:: YOUR TASK ::
Reproduce only the lines that begin at the line with "NatureBell visuel pré-entraînement, mélange" and run to the end of the entries; omit every picture.

:: DATA EXCERPTS ::
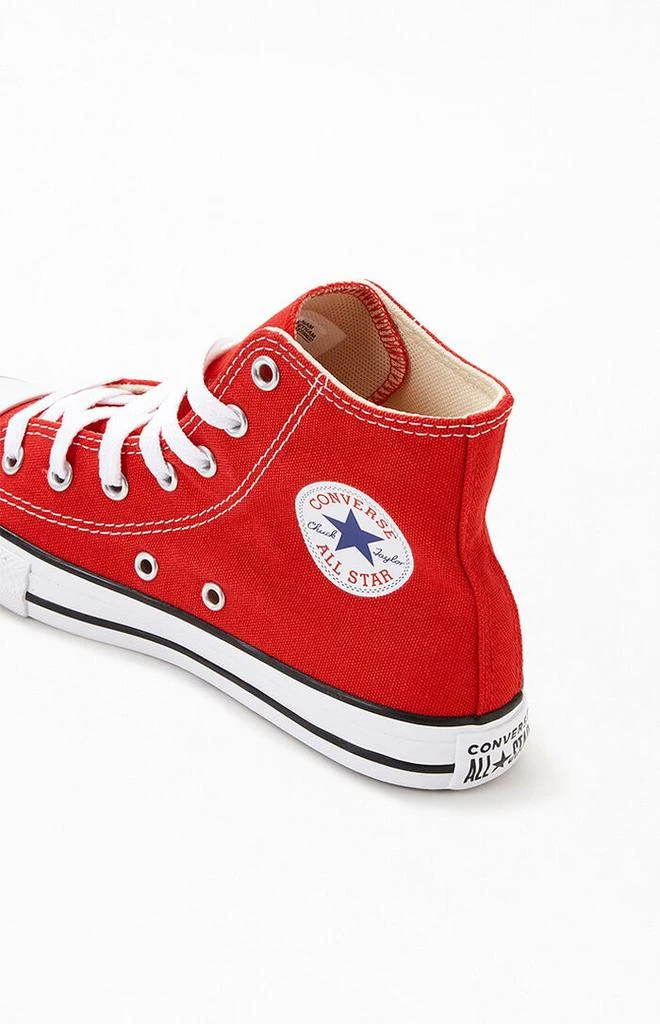 Kids Red Chuck Taylor All Star High Top Shoes 商品
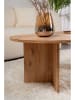 Scandinavia Concept Salontafel "Sable" lichtbruin - (B)119 x (H)39,8 x (D)60 cm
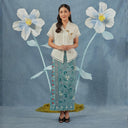 Kusuma Ocean - Mandalas Rok Lilit Batik Premium Wanita - Mandalas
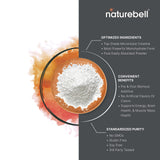 NatureBell visuel pré-entraînement, mélange facile avant l'effort.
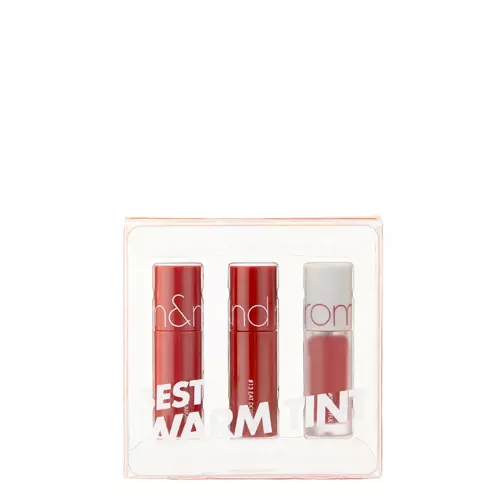 Rom&nd - Best Tint Edition - Zestaw Tintów do Ust - 01 Warm Tone Pick - 3x2g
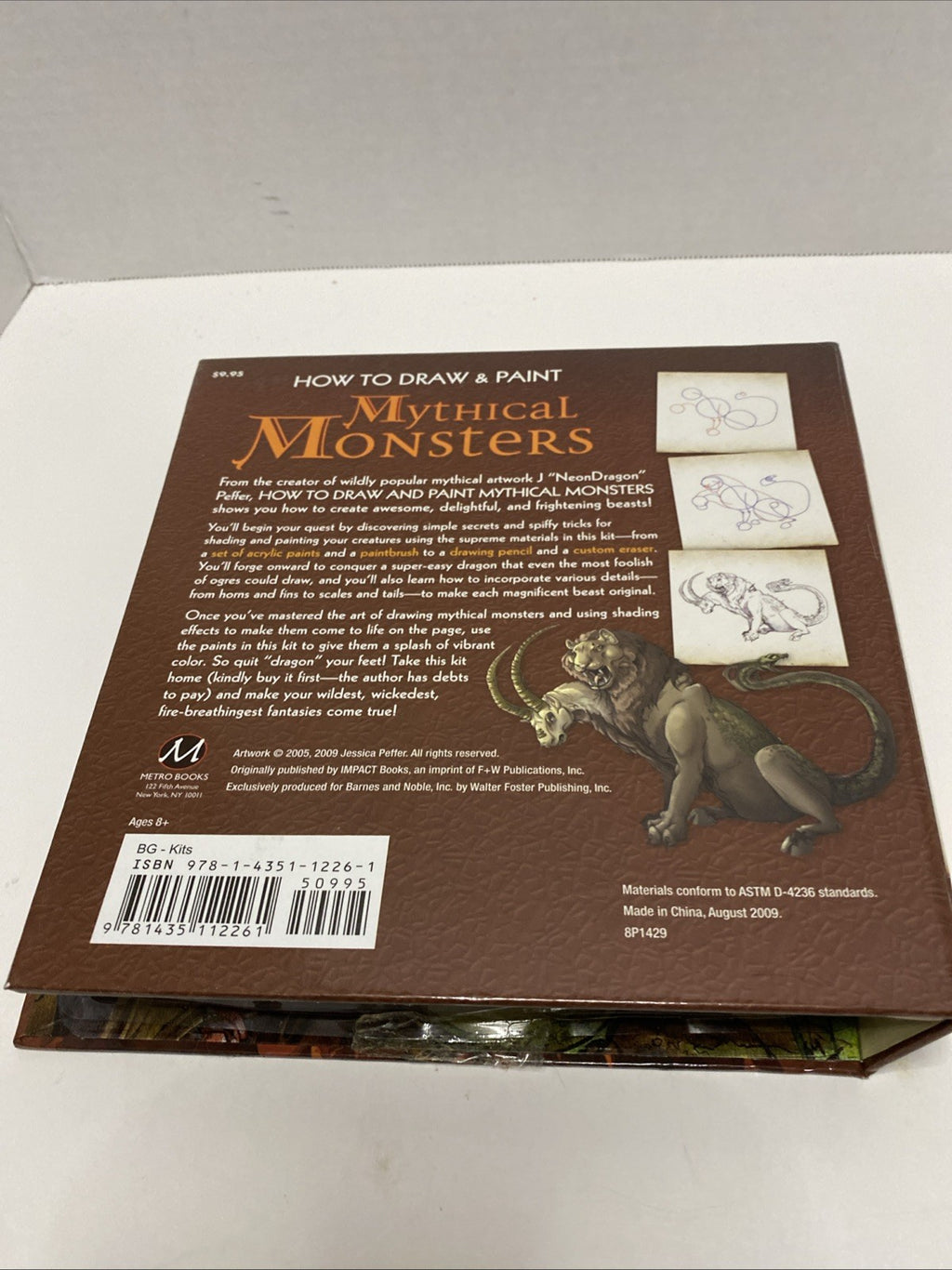 Mythical Monsters How To Draw & Paint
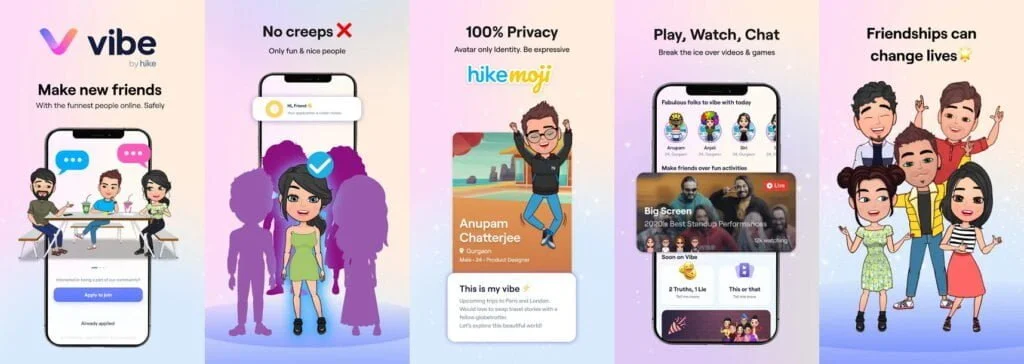 Vibe by Hike AMP Banner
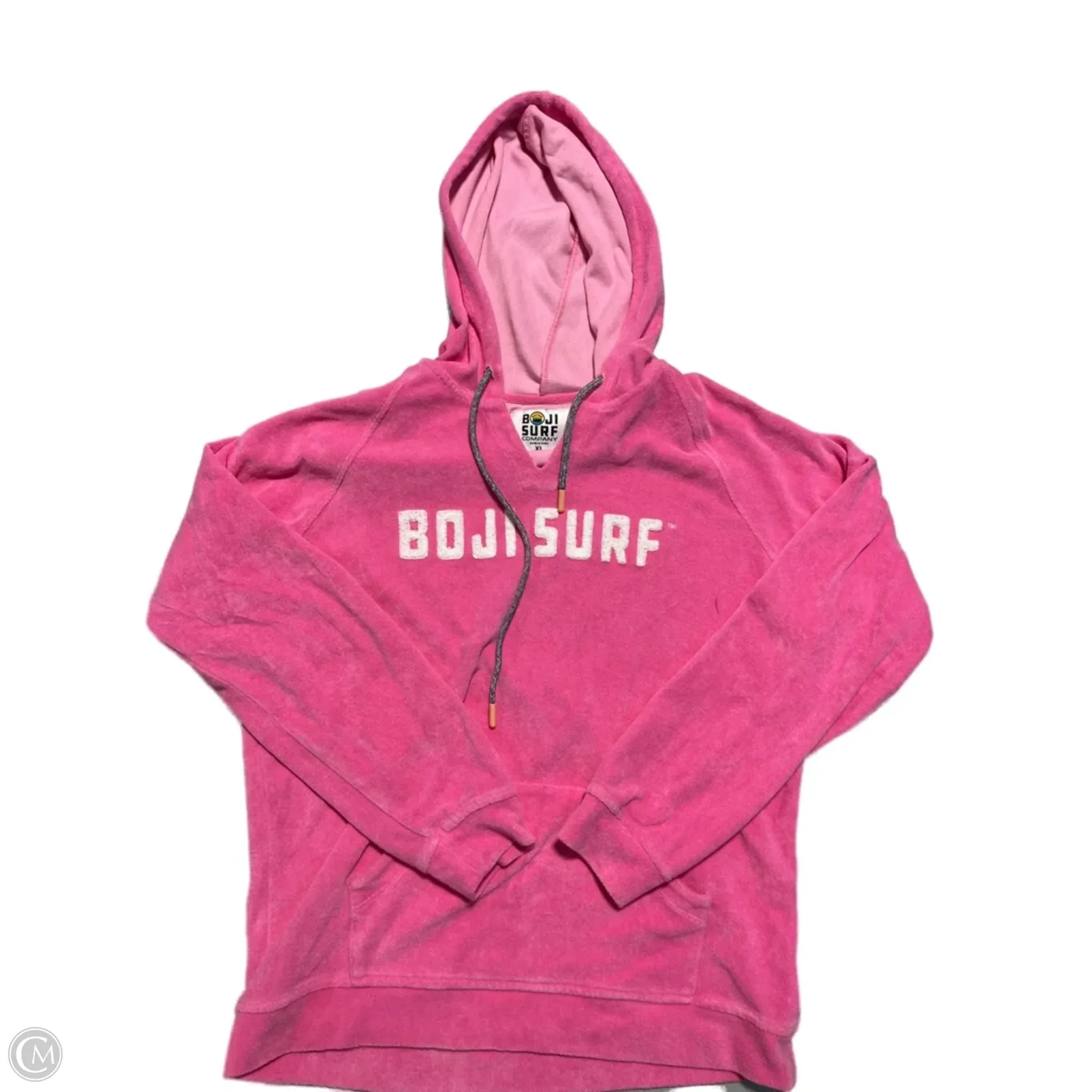 Craft Core Sweatshirt Hoodie By Cmc In Pink, Size: Xl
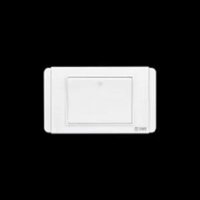 Sino_S68D - Công tắc đơn 1 chiều phím lớn- - S68D1A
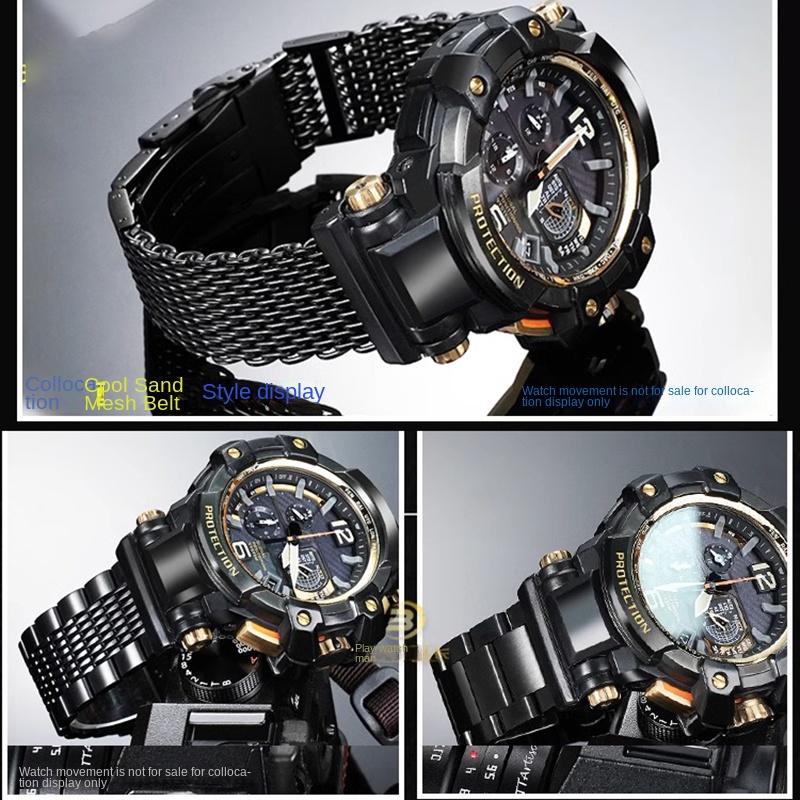 Roestvrij Stalen Horlogeband V - Rg Watches & Jewelry Gmbh recensie en prijs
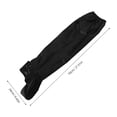 thumbnail image 2 of TABLZONE 1Pair Black Waterproof Motorcycle Rain Pants with Boot Covers for Hiking and Riding, 2 of 8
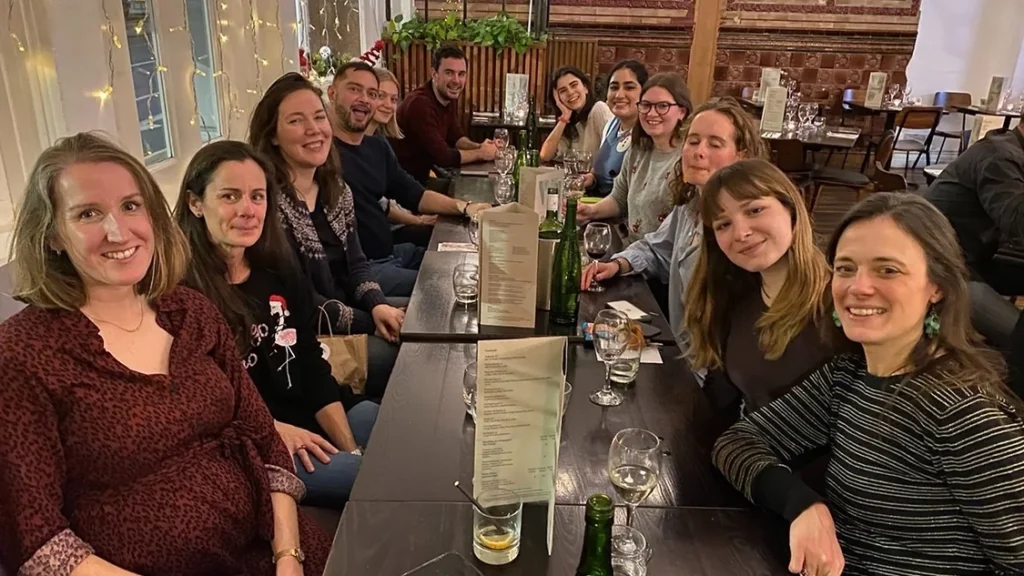 Celebrating one year at OG with our Communications Manager, Hannah Jolliffe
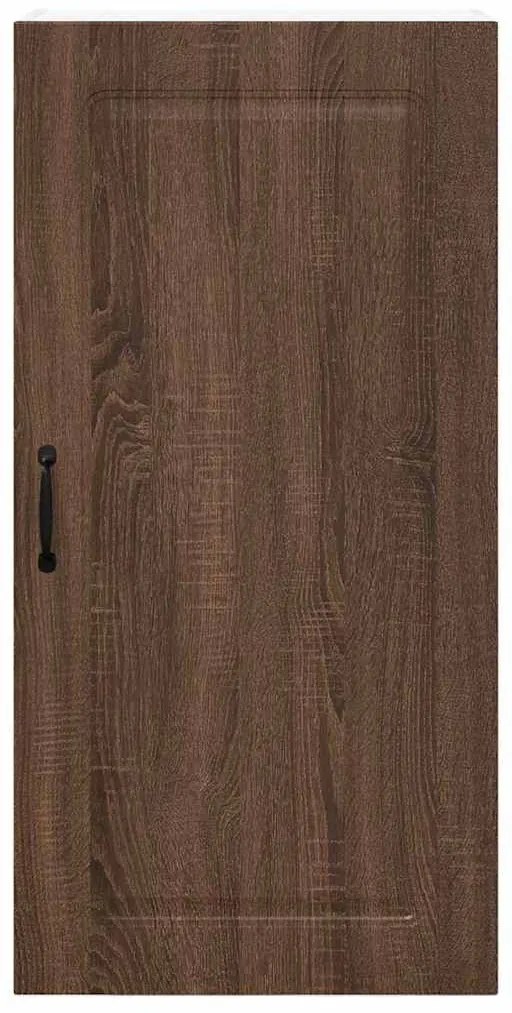 Fali konyhaszekrény Barna Tölgy 50 x 31 x 100 cm Faanyag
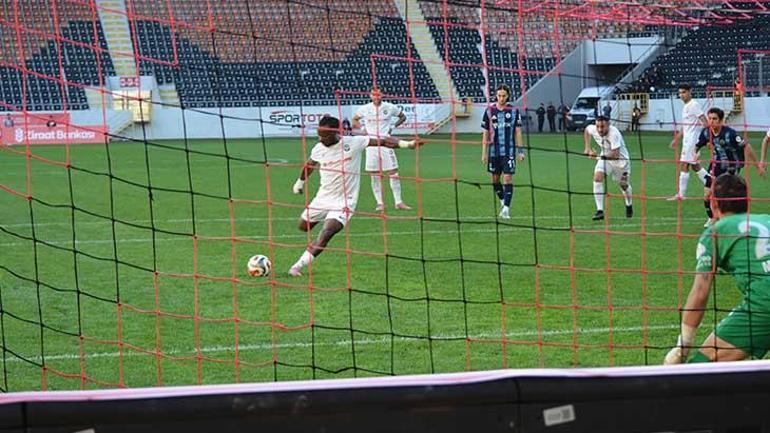 Emeka Ezeden Kupada hat-trick Çorum FK 3. turda Kütahyaspor rahat geçti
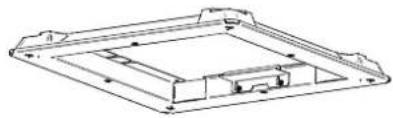 DAIKIN FWI06AAT - Montage de Frontpaneel/de FCND02A Gitter - 1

:: RESPONSE BELOW ::
 NatureBell visuel pré-entraînement, mélange facile avant l'effort.
 Rom&nd - Best Tint Edition - Zestaw Tintów do Ust - 01 Warm Tone Pick - 3x2g
 Mythical Monsters How To Draw & Paint
 Vibe by Hike AMP Banner
 Craft Core Sweatshirt Hoodie By Cmc In Pink, Size: Xl
 Sino_S68D - Công tắc đơn 1 chiều phím lớn- - S68D1A
 Roestvrij Stalen Horlogeband V - Rg Watches & Jewelry Gmbh recensie en prijs
 thumbnail image 2 of TABLZONE 1Pair Black Waterproof Motorcycle Rain Pants with Boot Covers for Hiking and Riding, 2 of 8
 Celebrating one year at OG with our Communications Manager, Hannah Jolliffe
 Fali konyhaszekrény Barna Tölgy 50 x 31 x 100 cm Faanyag
 Emeka Ezeden Kupada hat-trick Çorum FK 3. turda Kütahyaspor rahat geçti
 DAIKIN FWI06AAT - Montage de Frontpaneel/de FCND02A Gitter - 1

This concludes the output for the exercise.